Ich warf ein Kissen nach ihm, stand auf und schlurfte in mein Zimmer. Am Ende entschied ich mich für ein enges schwarzes Minikleid, Spitzenstrumpfhose, Stiefeletten und eine Jeansjacke. Sam trug bereits Jeans und T-Shirt, musste sich also nicht mehr umziehen. Manchmal beneidete ich Jungs darum, wie wenig Aufwand es sie kostete, gut auszusehen. Ein bisschen Haargel, ein Spritzer Deo, und sie waren fertig.

Unterwegs hakte ich mich bei ihm ein. Wir nahmen die Treppe auf der Rückseite des Gebäudes – wenn wir vorne rausgingen, rannten wir so gut wie sicher irgendwelchen Arschlöchern über den Weg, die auf Ärger aus waren, hinten hingegen war normalerweise niemand. Heute sah ich auf den beiden untersten Stufen allerdings ein paar Leute sitzen. Beim Näherkommen erkannte ich Dylan und seine Freunde Amy und Conor. Sie passten optisch überhaupt nicht zueinander – Amy, die sich alle Mühe gab, auszusehen wie Robert Smith von The Cure, und Conor mit seinen dicken Brillengläsern und dem lockigen Haarschopf. Er war außerdem der einzige Teenager im gesamten Wohnblock mit einer weißen Mutter und einem schwarzen Vater.
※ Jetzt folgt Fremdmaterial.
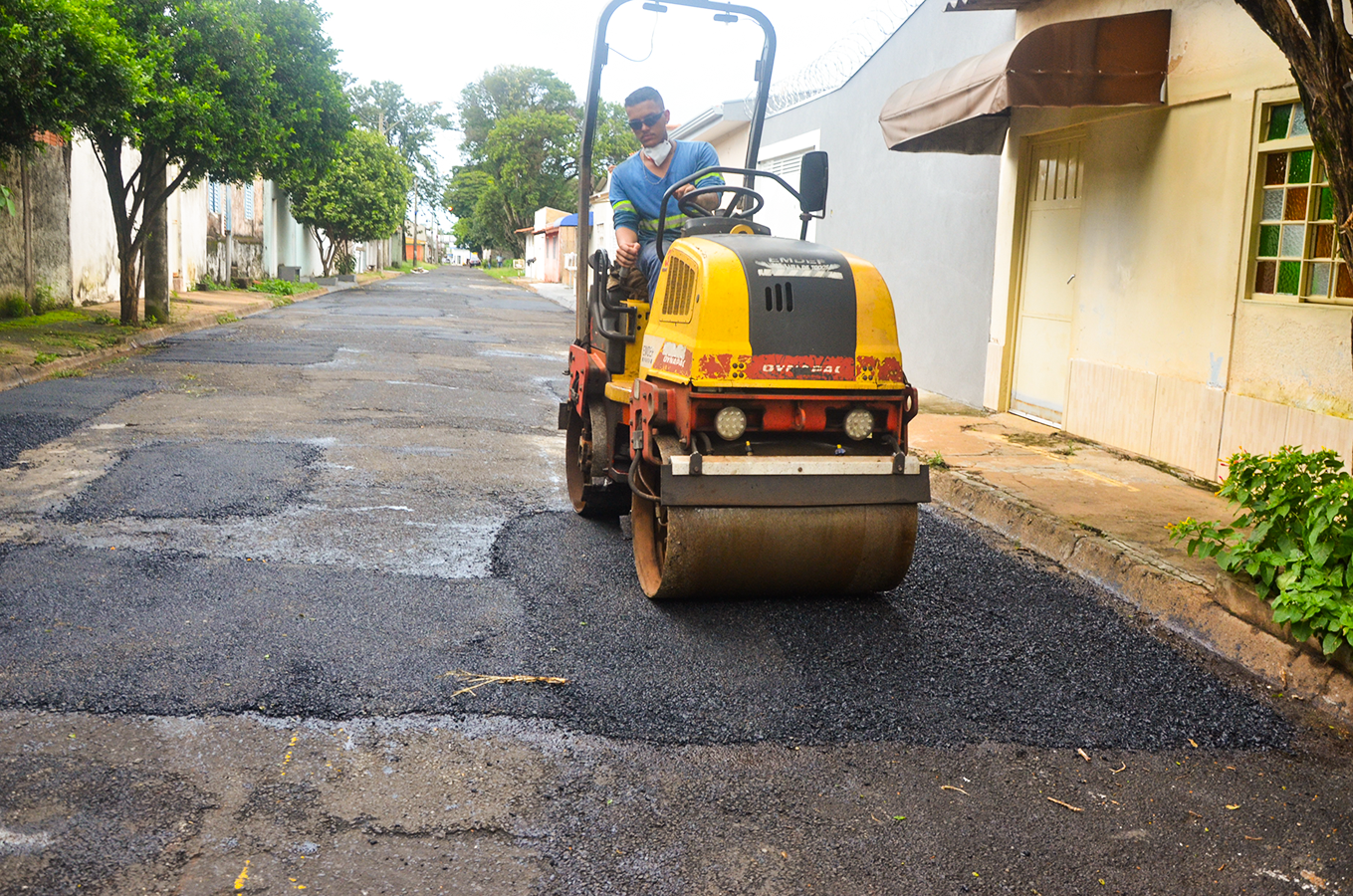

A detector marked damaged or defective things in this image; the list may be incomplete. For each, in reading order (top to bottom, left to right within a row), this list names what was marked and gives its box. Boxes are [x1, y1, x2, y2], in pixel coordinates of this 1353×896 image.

Er hatte es hier nicht gerade leicht. Und dann war da noch Dylan, gut aussehend und clever genug, um sich anzufreunden, mit wem er wollte. Stattdessen hatte er sich ausgerechnet diese beiden als beste Kumpel ausgesucht. Vielleicht gerade, weil er schlau war. Vielleicht sah er etwas in ihnen, das wir anderen nicht bemerkten. Jedenfalls gehörte das zu den Dingen, die ich an ihm bewunderte. Er passte sich nicht an, lief nicht mit der Herde mit.

Normalerweise wären Sam und ich grußlos an den dreien vorbeigelaufen, aber weil ich Dylan ja jetzt quasi irgendwie kannte, blieben wir stehen. »Hey Dylan«, sagte Sam. »Du siehst schon ein bisschen besser aus. Verheilt gut.«

Ich schloss die Augen und verzog das Gesicht. Mal im Ernst … ich hatte Sam sehr lieb und so, aber wenn irgendwo ein unsichtbarer Elefant im Raum stand, schlug er niemals einen Bogen um ihn, sondern packte ihn geradewegs bei den Stoßzähnen.
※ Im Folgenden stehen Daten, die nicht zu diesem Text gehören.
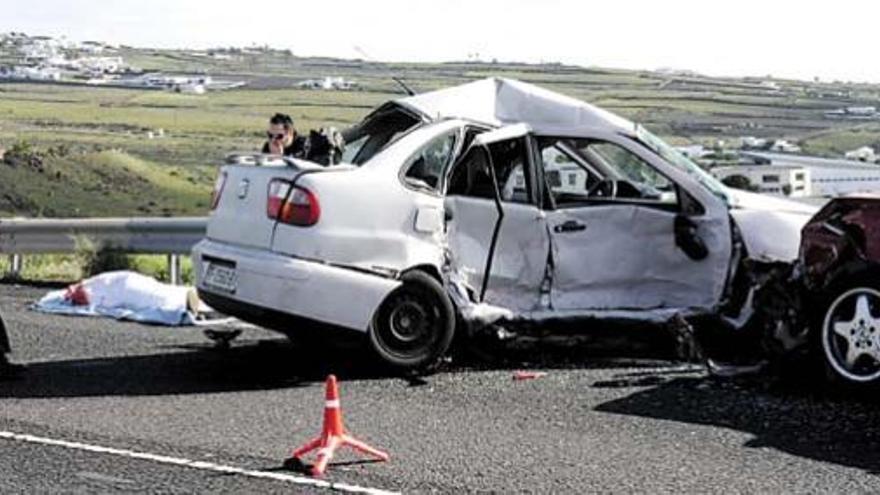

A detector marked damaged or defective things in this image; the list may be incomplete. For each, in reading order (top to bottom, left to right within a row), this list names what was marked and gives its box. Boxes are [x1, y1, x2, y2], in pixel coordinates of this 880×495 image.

crushed car roof [398, 77, 632, 137]
broken car door [446, 126, 552, 312]
severely damaged white car [194, 78, 820, 368]
broken car door [536, 135, 736, 314]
»Was geht das dich denn an?«, fragte Amy abweisend. Von allen Mädchen hier im Block war sie eindeutig die größte Kratzbürste. Andererseits zog ihr Kleidungsstil eine Menge negative Aufmerksamkeit auf sich, also hatte sie vielleicht keine andere Wahl, als kratzbürstig sein. Ich hatte mich schon oft gefragt, was sie hier in St. Mary’s Villas wollte, immerhin war es nicht gerade so, dass man Goths – oder sonst jemanden, der irgendwie anders war – hier besonders herzlich willkommen hieß. Und sie schleppte ständig diese kleine Videokamera mit sich herum und nahm den ganzen Tag irgendwelches Zeug auf. Vielleicht war sie vom Film besessen und wollte, was weiß ich, Regisseurin oder so etwas werden. Aber es machte die Leute irre, wenn sie merkten, dass sie gefilmt wurden. Es nötigte mir Respekt ab, dass sie sich trotz aller Widerstände treu blieb.

»Ich frag ja nur«, antwortete Sam. »Musst mir nicht gleich den Kopf abreißen.«

Amy starrte ihn mit zusammengekniffenen Augen an und trank einen Schluck aus ihrer Bierdose. Neben Dylan stand ein Sixpack, und ich schloss daraus, dass sie vorhatten, den Abend hier zu verbringen. Jedenfalls wollten sie eindeutig nicht tanzen gehen.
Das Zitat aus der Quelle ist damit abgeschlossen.